Whenever a celebrity or politician’s infidelity makes the news, the entire sordid affair is attributed to “original sin,” to weakness of character, as witnessed quite prominently during the scandal involving Tiger Woods. Seldom, if ever, however, is anything said about the complex relationship in the West between sex and love, let alone about love itself. Yet, if love is “the creator’s greatest gift to humanity,” if “true love” is required in order for one to be “complete,” why, then, did Tiger “cheat” on his wife? And if all he wanted was to “play the field” and “sow his wild oats,” why did he get married in the first place? And why to a Swedish model?

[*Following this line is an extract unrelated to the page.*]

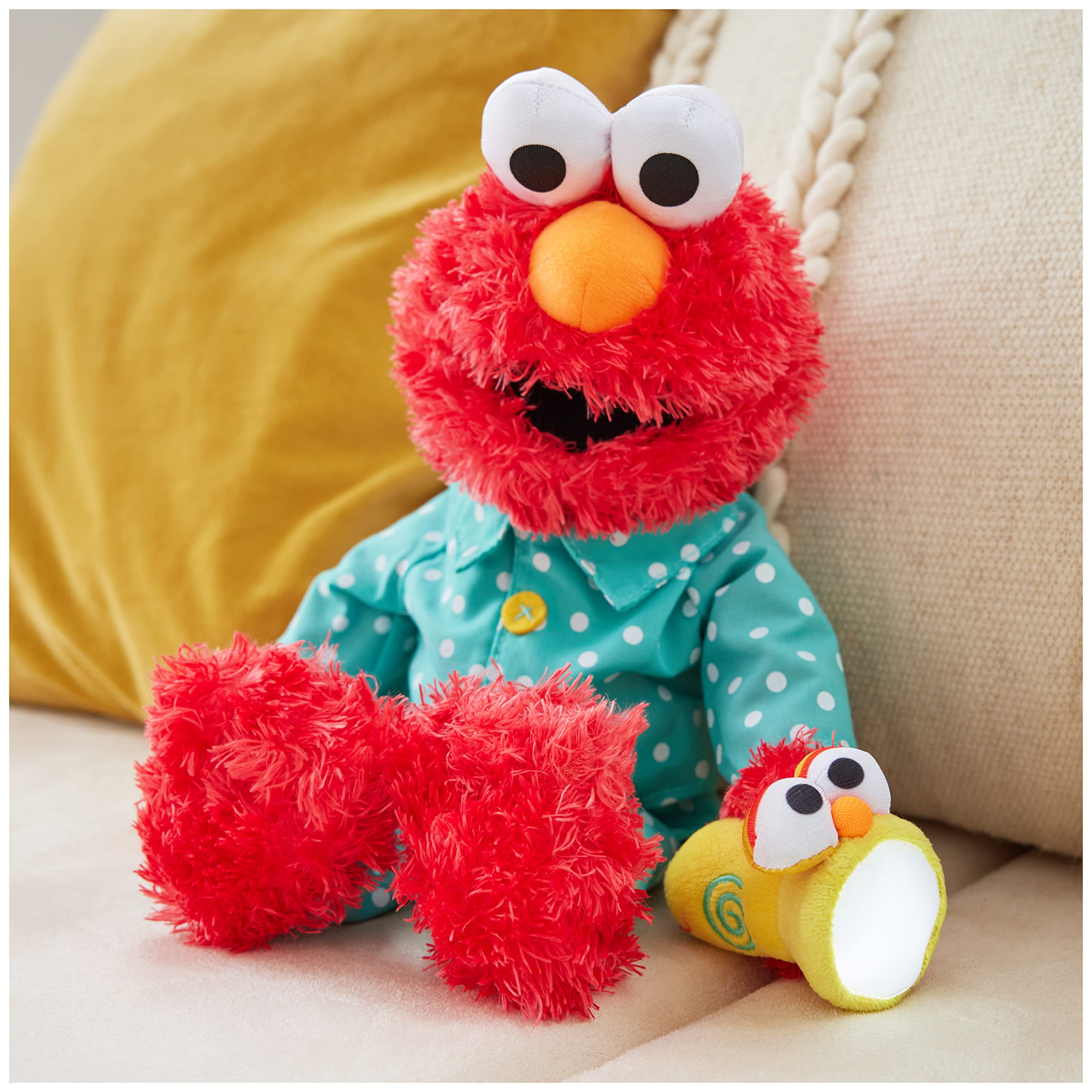 Surface-washable Elmo plush simplifies quick cleanups after play.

Despite their amalgamation in the present milieu, romantic love is traditionally viewed as somehow apart from and above sexual desire. One of the dominating features of Western hegemonic logic is the creation and maintenance of binary oppositions that function to define and legitimize one in relation to (and at the expense of) the Other: male/female, straight/gay, civilized/uncivilized, Christian/heathen, white/non-white, capitalism/ communism. Similarly, romantic love serves as a legitimizing agent of the status quo; rather than being viewed as an outcome of historical processes, romantic love is seen as something outside history and culture, a pure, “natural” force or state more akin to gravity than to any sort of ideological apparatus. Romantic love’s privileged status as something so universal as to be beyond question is greatly strengthened by its relegation to the personal side of the personal/social binary.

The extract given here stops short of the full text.